Also, if you take a look at the development version of R, changes are
being put in place to allow much larger data sets.

Cheers,
Micael
On Tue, Oct 16, 2012 at 4:03 PM, Sam Steingold <sds at gnu.org> wrote:
#
Sam Steingold <sds at gnu.org> writes:
The count.rows() function is the R analogue.

See

http://orgmode.org/worg/org-contrib/babel/examples/Rpackage.html#sec-6-1


No need to install the package - just copy and paste the function into an
R session.

On cases I've tried that are big enough to matter, it is a good deal
faster than the table( do.call( paste, x )) idiom.

HTH,

Chuck
#
I wished to avoid paste (I will have to re-split later, so it will be a
performance nightmare).
you should not need "much larger data sets" for this.
x is sorted.
#
On 16/10/2012 12:29 PM, Sam Steingold wrote:
The problem is that xtabs() and by() and related functions are designed 
for the case where all combinations of all factors exist. If you have a 
dataset where only a few exist, you could use sparseby() from the 
reshape package.

Syntax would be

sparseby(data=x, INDICES=x, FUN=nrow)

if you wanted a dataframe giving counts.

I just tried it, and on your two examples it gives a warning about 
coercing a list to a logical vector; I guess all(list(TRUE, TRUE)) was 
allowed when I wrote it, but isn't any more.  I'll send a patch to the 
maintainer.

Duncan Murdoch
#
this takes forever; apparently, it does not use the fact that x is
sorted (even then - it should not take more than a few minutes)...
#
Error in `[<-.data.frame`(`*tmp*`, index, , value = list(user = c(2L,  : 
  missing values are not allowed in subscripted assignments of data frames
#
On 16/10/2012 1:46 PM, Sam Steingold wrote:
It was more or less instantaneous on the examples you posted.  It would 
be a bit more honest to say "it was fast on the examples, but it was 
very slow when I ran it on my real data, which consists of 
100000000000000 cases."

Duncan Murdoch
#
sure, I did not mean any insult to your code, sorry.
all I was saying was that it was too slow for my purposes because it
ignores the fact that the data is sorted.
it turned out that paste+sort+rle+strsplit is fast enough.
(although there should be a way to avoid paste/strsplit!)
Thanks!
#
You said you wanted the equivalent of the Unix 'uniq -c' but said
that xtab's results were roughly right and the rle might be what
you want.  rle() is the equivalent of 'uniq -c', they both output the
lengths of runs of identical elements.   if the data is sorted they
are equivalent to using table() or xtabs().

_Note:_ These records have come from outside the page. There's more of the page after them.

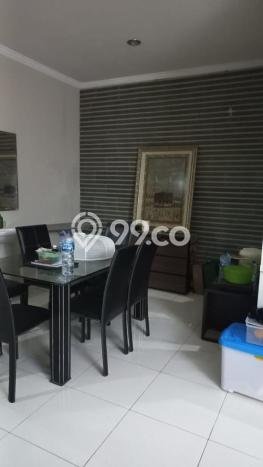 Rumah Minimalis 4 KT LT 140m2 di Legenda Wisata Rumah Minimalis 4 KT LT 140m2 di Legenda Wisata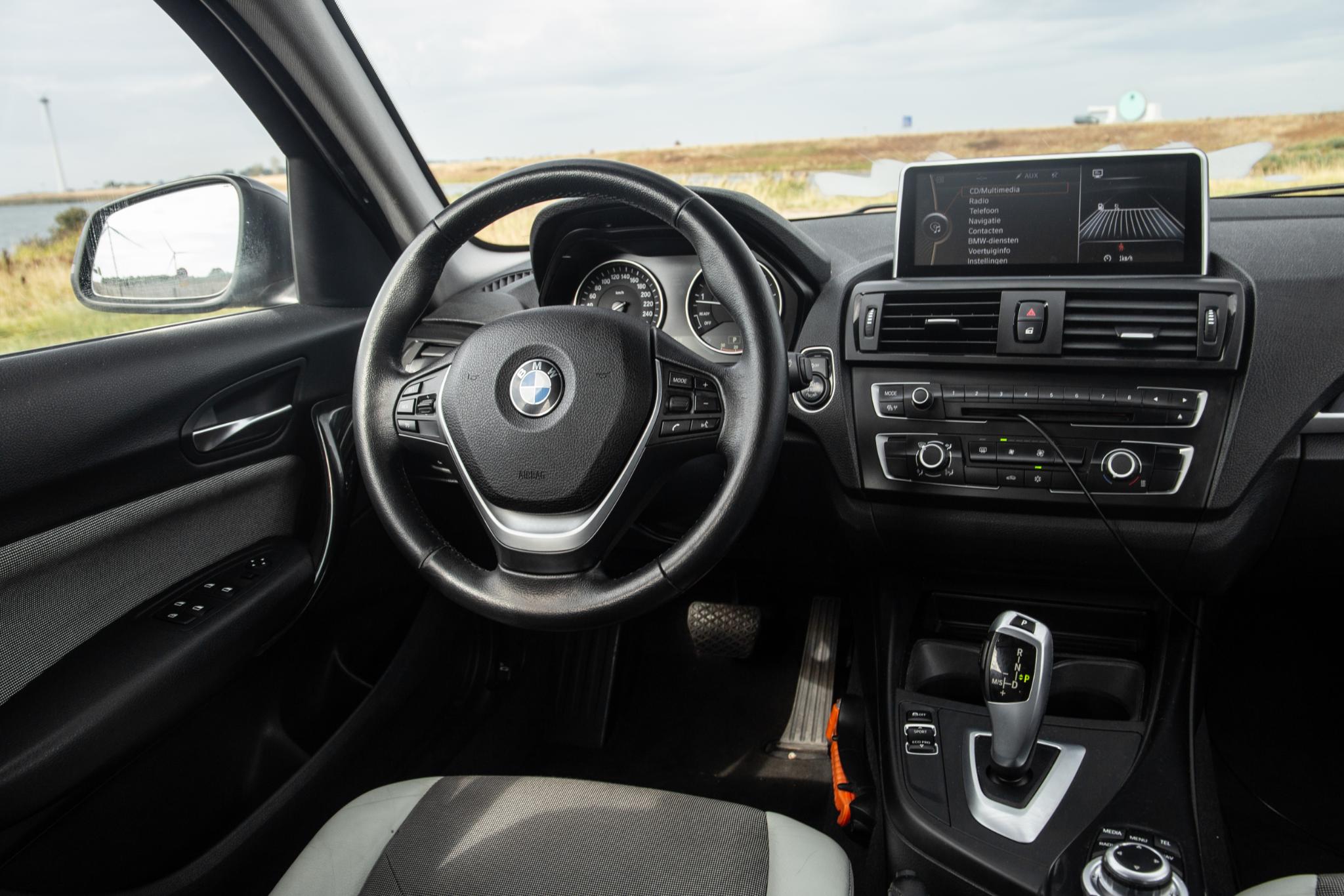 Foto van BMW 1er Reihe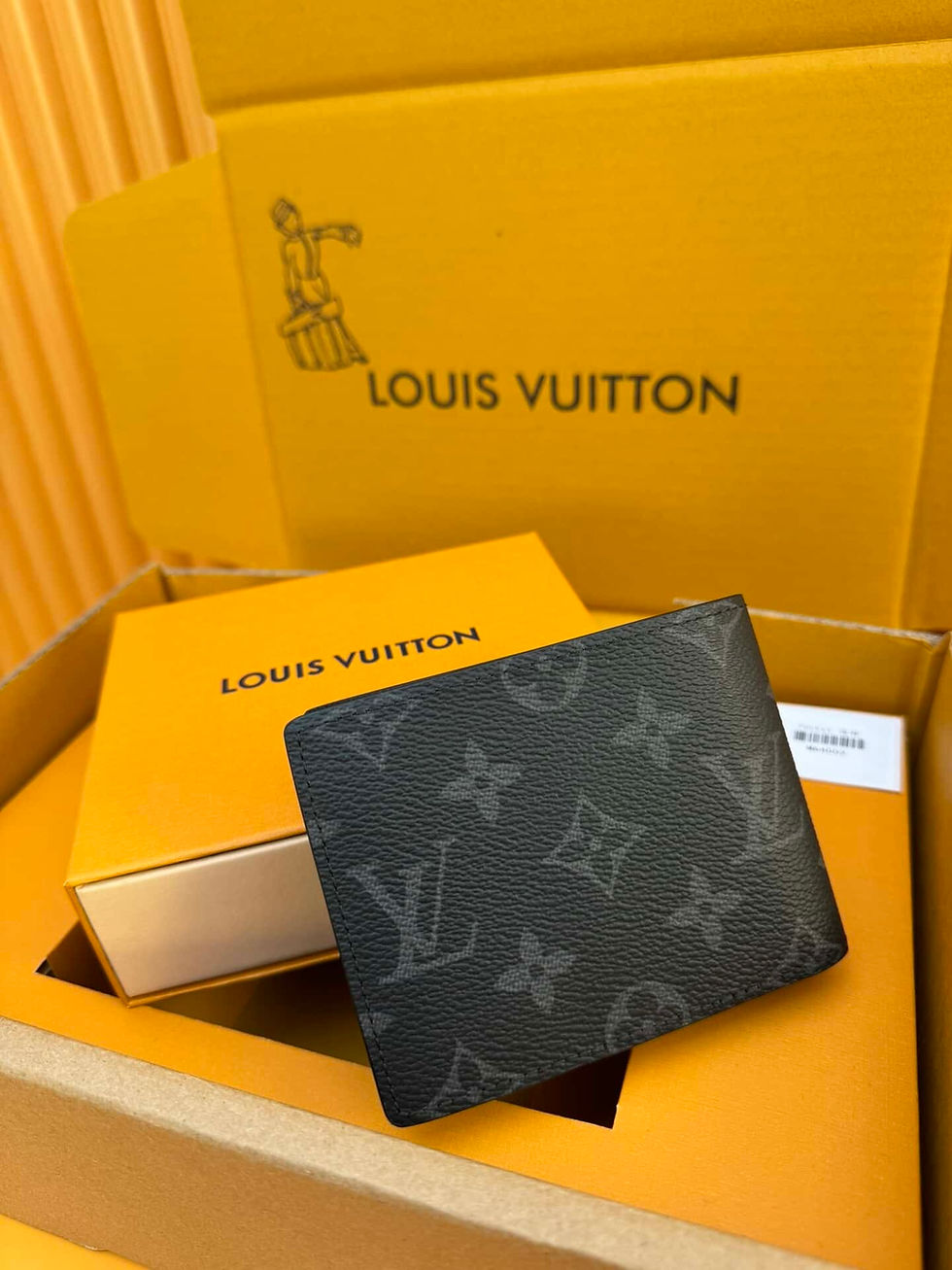 Thumbnail: Louis Vuitton LV Wallet – Louis Vuitton Purse Wallet Replica USA Buy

Since you have sorted data try the following

isFirstInRun <- function(x) UseMethod("isFirstInRun")
isFirstInRun.default <- function(x) c(TRUE, x[-1] != x[-length(x)])
isFirstInRun.data.frame <- function(x) {
    stopifnot(ncol(x)>0)
    retval <- isFirstInRun(x[[1]])
    for(column in x) {
        retval <- retval | isFirstInRun(column)
    }
    retval
}

i <- which(isFirstInRun(yourDataFrame))

Then I think
   data.frame(Count=diff(c(i, 1L+nrow(yourDataFrame))), yourDataFrame[i,])
gives you what you want.   E.g.,
  > yourDataFrame <- data.frame(x1=c(1,1,2,2,1), x2=c(11,11,11,12,11))
  > i <- which(isFirstInRun(yourDataFrame))
  > i
  [1] 1 3 4 5
  > data.frame(Count=diff(c(i, 1L+nrow(yourDataFrame))), yourDataFrame[i,])
    Count x1 x2
  1     2  1 11
  3     1  2 11
  4     1  2 12
  5     1  1 11

It should be pretty quick.  If you have missing values in your data frame,
you will have to make some decisions about whether they should be
considered equal to each other or not and modify isFirstInRun.default
accordingly.

Bill Dunlap
Spotfire, TIBCO Software
wdunlap tibco.com
#
Summary of options:

1. William:

isFirstInRun <- function(x) UseMethod("isFirstInRun")
isFirstInRun.default <- function(x) c(TRUE, x[-1] != x[-length(x)])
isFirstInRun.data.frame <- function(x) {
  stopifnot(ncol(x)>0)
  retval <- isFirstInRun(x[[1]])
  for(column in x) {
    retval <- retval | isFirstInRun(column)
  }
  retval
}
row.count.1 <- function (x) {
  i <- which(isFirstInRun(x))
  data.frame(x[i,], count=diff(c(i, 1L+nrow(x))))
}

147 seconds

2. http://orgmode.org/worg/org-contrib/babel/examples/Rpackage.html#sec-6-1
row.count.2 <- function (x) {
  equal.to.previous <- rowSums( x[2:nrow(x),] != x[1:(nrow(x)-1),] )==0
  tf.runs <- rle(equal.to.previous)
  counts <- c(1, unlist(mapply(function(x,y) if (y) x+1 else (rep(1,x)),
                               tf.runs$length, tf.runs$value)))
  counts <- counts[ c( diff( counts ) <= 0, TRUE ) ]
  unique.rows <- which( c(TRUE, !equal.to.previous ) )
  cbind(x[ unique.rows, ,drop=FALSE ], counts)
}

136 seconds

3. Micael: paste/strsplit

row.count.3 <- function (x) {
  pa <- do.call(paste,x)
  rl <- rle(p)
  sp <- strsplit(as.character(rl$values)," ")
  data.frame(user = sapply(sp,"[",1),
             country = sapply(sp,"[",2),
             language = sapply(sp,"[",3),
             count = rl$length)
}

here I know the columns and rely on absense of spaces in values.

27 seconds.

Thanks to all who answered.
#
Note that the relative speeds of these, which all use basically the same run-length-encoding
algorithm, depend on the nature of the dataset.  I made a million row data.frame with 10,000
unique users, 26 unique countries, and 6 unique languages with c. 3/4 million unique
rows.  Then the times for methods 1, 2, and 3 were 0.7, 6.2, and 10.5 seconds,
respectively.  With a million row data.frame with 100, 10, and 4 unique users, countries,
and languages, with 4000 unique rows, the times were 0.3, 1.4, and 0.7.

Bill Dunlap
Spotfire, TIBCO Software
wdunlap tibco.com
#
In addition, adding a factor method for isFirstInRun speeds it up on
long factor variables by c. 60%.

isFirstInRun.factor <- function(x)isFirstInRun(as.integer(x))

Bill Dunlap
Spotfire, TIBCO Software
wdunlap tibco.com